Ana-María Rivera Medina, Amélia Polónia, eds. La gobernanza de los puertos atlánticos, siglos XIV-XX. Madrid: Casa de Velázquez, 2015. 368 pp. EUR 29.00 (paper), ISBN 978-84-9096-003-5.
Reviewed by Marcel Anduiza Pimentel (University of Chicago)
Published on H-LatAm (May, 2017)
Commissioned by Casey M. Lurtz (Johns Hopkins University)
This volume, edited by Amélia Polónia and Ana María Rivera Medina, is the culmination of an ambitious project that brought together, in the city of Oporto Porto in 2012, a group of twenty-two international scholars from many different universities. The aim was to “develop a long-term crossed analysis of the historical dynamics of the Atlantic port areas, investigating structures, transferences, and consolidations of port models at both sides of the Atlantic.”[1] Focusing on different aspects of seaport governance in the Atlantic world, the articles in this volume are spread out over the longue dureé, from the late Middle Ages to the twentieth century. This methodological approach, of extended timelines weaving several different conceptual threads of seaport governance, is shared by all contributors. Their analysis is primarily centered on regional and transatlantic networks of seaports in France, West and North Africa, Latin America, the Iberian Peninsula, and the wider Ibero-American world. The emphasis is on what the editors see as the creation and governance of seaport networks with the emergence of Atlantic gateway cities in various economic spaces in the North and South Atlantic. Britain’s imperial Atlantic and the interlaced British-American international and transoceanic order, misleadingly referred to nowadays as the “North Atlantic,” is deliberately excluded. Although the reasons for this exclusion are not immediately clear—only mentioned briefly in the concluding remarks—it later becomes apparent that the volume's intended contribution is not to the history of the Atlantic, but mainly to the historiographical and theoretical literature on the study of seaports.
One of the strengths of this edited volume is that it brings into fruitful dialogue an impressive diversity of scholars, languages, regions, and academic communities, a type of project one rarely encounters in those studies centered on the English-speaking “North Atlantic.” In that literature, scholars often present their findings with a universalizing ambition, invoking the entire history of the Atlantic world when in reality referring to the British Atlantic during a specific period. This collection, in contrast, spans five centuries and is written in four different languages—English, Spanish, French, and Portuguese. In fact, all but one of the sixteen essays are written in a Romance language.[2] Contributors come from diverse academic backgrounds: from the Université de Poitiers in France, the Université Hassan II Mohammedia-Casablanca in Morocco, Universidad Católica Argentina, the Universidade Federal Fluminense in Brazil, and the Universidad Central de Venezuela, to name a few universities.
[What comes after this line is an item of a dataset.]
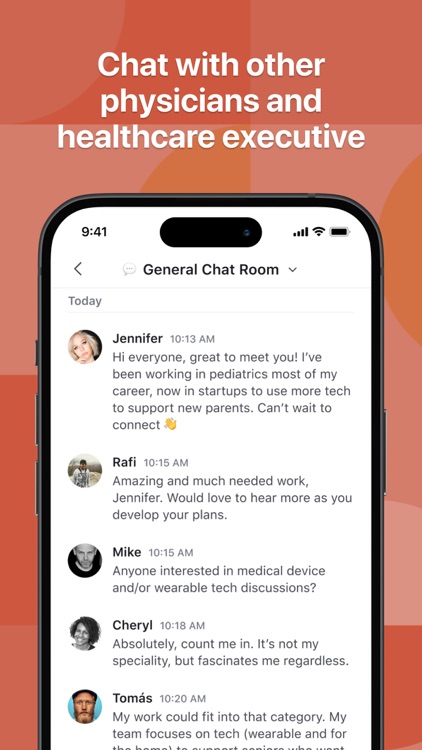 Healthcare Shares screenshot-4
All this is to say that the academic, cultural, and linguistic diversity of the contributors, as well as the regional breadth and temporal depth of their work, is one of the most commendable aspects of this carefully edited volume. It reflects the kaleidoscopic nature of regional and transoceanic networks of seaports, articulating both regional and transoceanic networks, in a maritime world as vast and diverse as the Atlantic.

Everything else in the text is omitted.